## REQUIRED WORK
For any picture in the lines below, please leave it out and copy the rest exactly.

## SOURCE MATERIAL

+ + +

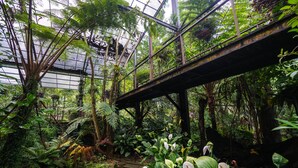 A glass-roofed greenhouse with a stone pathway, lush greenery, and a metal bridge. - Tai Yi Red Maple Resort (Puli)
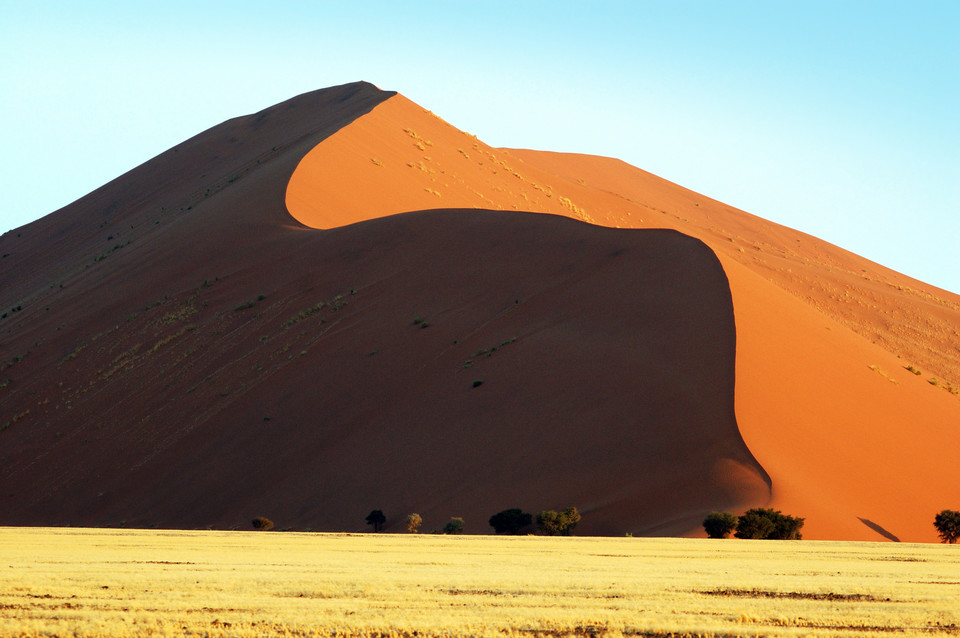 Dead Vlei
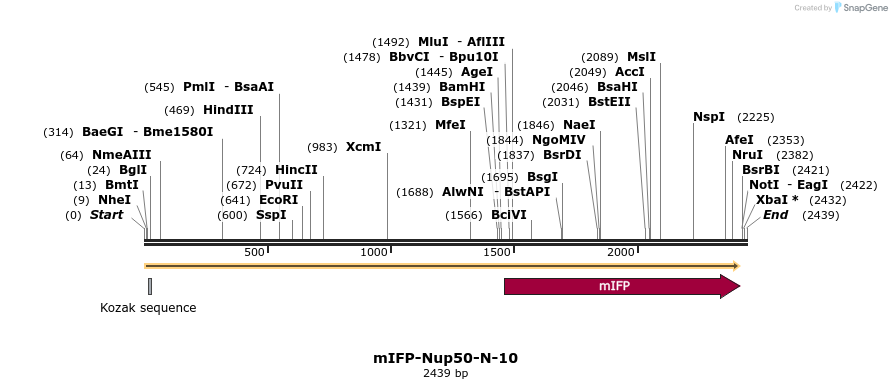 87133_map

+ + +

## ANSWER SPACE
 A glass-roofed greenhouse with a stone pathway, lush greenery, and a metal bridge. - Tai Yi Red Maple Resort (Puli)
 Dead Vlei
 87133_map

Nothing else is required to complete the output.